Im Laufe der Zeit sind unsere Kenntnisse über die Partikel in der Luft enorm gewachsen, und wir haben immer bessere Filtrationstechnologien entwickelt, die uns vor gesundheits- und umweltschädlichen Verschmutzungen schützen. Der Begriff „Raumluftqualität“ trat immer mehr in den Vordergrund, und auch die Bedeutung saubererer Luft sowohl in Gebäuden als auch im Freien trat immer deutlicher hervor. Es wurde klar, dass es einer neuen Norm bedarf, die sich als hilfreicher für die Verbesserung der Raumluftqualität erweisen müsste.

Was ändert sich mit der ISO 16890?

Nach der Norm ISO 16890 wird das Betriebsverhalten von Filtern bei Partikelgrößen von 0,3 μm bis zu 10 μm bewertet. Dieser Messbereich spiegelt das Größenspektrum der in der Luft vorhandenen Partikel besser wider. Außerdem überwinden Feinstaubpartikel (PM), die kleiner als 10 μm sind, unsere biologischen Abwehrmechanismen und können so in unseren Körper gelangen. Über die Atemwege lagern sie sich in der Lunge ab. Partikel mit einem Durchmesser kleiner als 1 μm können es sogar bis in die Blutbahn schaffen.

Die Filter werden geprüft und anhand der Prüfergebnisse in sogenannte „Effizienzklassen“ eingeteilt:

Prüfergebnisse in sogenannte „Effizienzklassen“ eingeteilt

Die Gruppen geben Aufschluss über den von einem Filterprodukt erreichten Abscheidegrad bei Partikeln mit Durchmessern kleiner als 10 μm; 2,5 μm und 1 μm (PM10, PM2,5, PM1).

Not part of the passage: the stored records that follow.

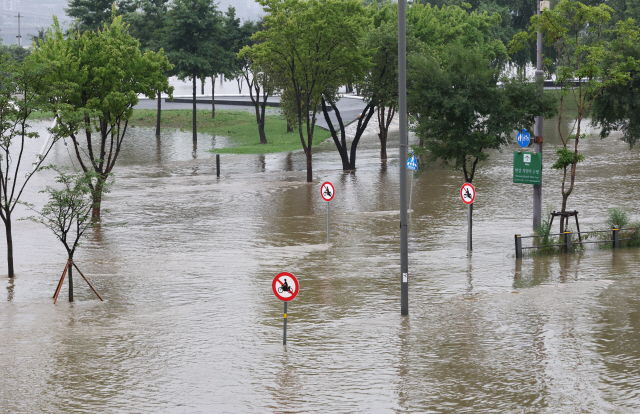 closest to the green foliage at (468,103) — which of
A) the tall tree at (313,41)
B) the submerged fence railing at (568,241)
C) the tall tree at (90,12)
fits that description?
the submerged fence railing at (568,241)

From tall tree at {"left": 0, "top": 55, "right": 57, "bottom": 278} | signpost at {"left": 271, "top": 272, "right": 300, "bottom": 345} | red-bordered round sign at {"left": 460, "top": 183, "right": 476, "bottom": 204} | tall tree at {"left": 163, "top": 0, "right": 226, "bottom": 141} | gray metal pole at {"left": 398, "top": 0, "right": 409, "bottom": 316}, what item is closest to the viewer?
signpost at {"left": 271, "top": 272, "right": 300, "bottom": 345}

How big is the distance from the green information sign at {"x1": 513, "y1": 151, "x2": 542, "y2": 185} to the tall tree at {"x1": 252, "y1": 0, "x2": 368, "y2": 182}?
54.1ft

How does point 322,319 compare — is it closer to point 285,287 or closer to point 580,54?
point 285,287

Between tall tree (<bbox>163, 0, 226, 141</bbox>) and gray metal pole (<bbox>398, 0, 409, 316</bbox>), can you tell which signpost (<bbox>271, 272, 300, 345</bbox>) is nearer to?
gray metal pole (<bbox>398, 0, 409, 316</bbox>)

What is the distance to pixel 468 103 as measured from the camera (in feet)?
74.4

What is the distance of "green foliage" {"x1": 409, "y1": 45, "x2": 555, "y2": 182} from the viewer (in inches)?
902

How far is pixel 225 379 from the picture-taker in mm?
11742

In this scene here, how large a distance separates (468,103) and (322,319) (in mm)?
10369

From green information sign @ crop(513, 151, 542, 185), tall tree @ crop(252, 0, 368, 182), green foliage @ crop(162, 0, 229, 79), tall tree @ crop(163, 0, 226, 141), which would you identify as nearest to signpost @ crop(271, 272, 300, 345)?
green information sign @ crop(513, 151, 542, 185)

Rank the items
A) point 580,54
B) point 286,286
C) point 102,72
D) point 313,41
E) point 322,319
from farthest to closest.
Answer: point 313,41
point 102,72
point 580,54
point 322,319
point 286,286

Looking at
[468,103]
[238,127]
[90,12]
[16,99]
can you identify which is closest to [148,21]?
[90,12]

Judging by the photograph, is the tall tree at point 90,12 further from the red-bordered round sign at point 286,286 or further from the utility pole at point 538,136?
the red-bordered round sign at point 286,286

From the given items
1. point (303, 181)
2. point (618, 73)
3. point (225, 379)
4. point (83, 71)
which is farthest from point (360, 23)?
point (225, 379)

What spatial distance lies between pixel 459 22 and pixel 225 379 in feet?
164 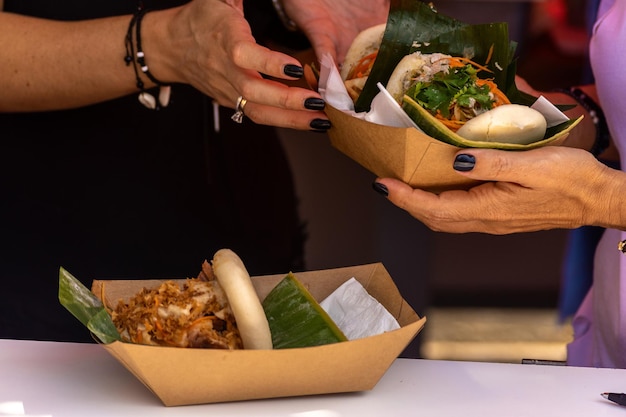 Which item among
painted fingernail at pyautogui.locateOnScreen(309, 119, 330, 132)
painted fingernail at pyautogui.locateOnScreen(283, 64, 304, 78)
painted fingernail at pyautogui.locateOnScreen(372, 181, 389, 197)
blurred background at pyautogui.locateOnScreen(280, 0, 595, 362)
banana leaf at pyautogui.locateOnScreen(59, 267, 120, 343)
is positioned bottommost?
blurred background at pyautogui.locateOnScreen(280, 0, 595, 362)

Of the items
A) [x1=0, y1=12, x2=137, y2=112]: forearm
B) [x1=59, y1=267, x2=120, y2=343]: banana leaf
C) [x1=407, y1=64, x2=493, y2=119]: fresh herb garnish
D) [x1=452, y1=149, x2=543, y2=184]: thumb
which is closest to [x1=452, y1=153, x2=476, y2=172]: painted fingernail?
[x1=452, y1=149, x2=543, y2=184]: thumb

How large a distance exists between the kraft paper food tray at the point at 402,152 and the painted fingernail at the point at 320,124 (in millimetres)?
17

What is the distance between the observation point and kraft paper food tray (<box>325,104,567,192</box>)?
126 centimetres

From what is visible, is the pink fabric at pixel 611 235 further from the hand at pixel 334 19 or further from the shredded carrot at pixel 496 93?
the hand at pixel 334 19

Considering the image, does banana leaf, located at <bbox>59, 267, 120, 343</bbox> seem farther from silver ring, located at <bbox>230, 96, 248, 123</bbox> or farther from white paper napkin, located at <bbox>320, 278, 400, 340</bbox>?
silver ring, located at <bbox>230, 96, 248, 123</bbox>

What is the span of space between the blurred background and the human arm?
1.11 meters

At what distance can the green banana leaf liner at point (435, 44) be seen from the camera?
154 centimetres

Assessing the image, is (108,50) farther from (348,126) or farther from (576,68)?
(576,68)

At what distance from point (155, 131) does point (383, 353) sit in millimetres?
1101

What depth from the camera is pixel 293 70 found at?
1435 millimetres

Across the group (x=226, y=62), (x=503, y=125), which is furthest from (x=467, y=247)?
(x=503, y=125)

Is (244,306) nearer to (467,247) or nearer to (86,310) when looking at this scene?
(86,310)

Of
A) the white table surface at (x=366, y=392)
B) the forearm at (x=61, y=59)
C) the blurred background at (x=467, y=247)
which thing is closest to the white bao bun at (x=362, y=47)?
the forearm at (x=61, y=59)

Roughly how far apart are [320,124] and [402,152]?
25cm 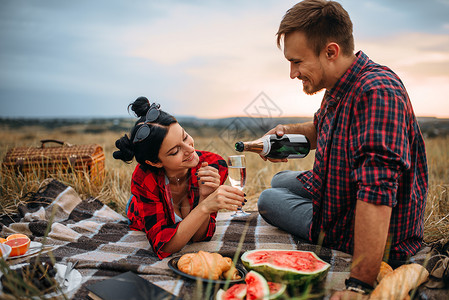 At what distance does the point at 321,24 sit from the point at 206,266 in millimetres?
1922

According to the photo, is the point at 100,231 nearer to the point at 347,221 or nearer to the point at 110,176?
the point at 110,176

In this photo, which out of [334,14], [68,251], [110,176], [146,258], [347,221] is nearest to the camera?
[334,14]

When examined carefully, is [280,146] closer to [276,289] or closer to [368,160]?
[368,160]

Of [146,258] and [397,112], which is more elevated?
[397,112]

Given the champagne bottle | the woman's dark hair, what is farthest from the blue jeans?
the woman's dark hair

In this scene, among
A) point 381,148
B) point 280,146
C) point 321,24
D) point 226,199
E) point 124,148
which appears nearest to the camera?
point 381,148

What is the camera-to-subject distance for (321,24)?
259 cm

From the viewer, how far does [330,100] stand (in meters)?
2.76

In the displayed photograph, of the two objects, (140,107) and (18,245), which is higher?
(140,107)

Das „e“ in der Bezeichnung der Gruppe steht für „Effizienz“. Damit ein Filter in eine bestimmte Gruppe eingeordnet werden kann, muss er eine Effizienz, also einen Abscheidegrad, von mindestens 50 % der Partikel der entsprechenden Gruppe erreichen. Ergänzend wird für die Filter eine differenziertere Effizienzbewertung, gerundet auf die nächsten 5 %, ausgewiesen. Hier einige Beispiele:

  • Ø  ePM10 80% – Dieser Filter weist für PM10 einen Abscheidegrad von 80 % auf
  • Ø  ePM1 65% – Dieser Filter weist für PM1 einen Abscheidegrad von 65 % auf

Welche Vorteile bringt die ISO 16890?

Durch die Klassifizierung von Filtern in vier Gruppen bringt die ISO 16890 deutlich mehr Gewissheit und Klarheit in die Filtrationstechnologie. Unsere Kunden können nun die Raumluftqualität deutlich genauer vorausberechnen und sich dann für denjenigen Filter entscheiden, mit dem die, z. B. von der Weltgesundheitsorganisation (WHO) vorgegebenen, Richtwerte bezüglich der Luftqualität optimal eingehalten werden können. Zudem können unsere Kunden genau den für ihre konkrete Anwendung am besten geeigneten Filter bestimmen und somit Kosten und Energie sparen – beispielsweise durch den Verzicht auf Energie verschlingende Hochdruckventilatoren.

Warteraum mit Luftfiltern

Bei der nächsten Auswahl eines Filters empfiehlt es sich also, die neuen Klassifizierungen nach ISO 16890 zu beachten. Anhand dieser Filtergruppen können Sie den Filter, der die für Ihr konkretes Projekt erforderliche Luftqualität sicherstellt, schnell und treffsicher bestimmen.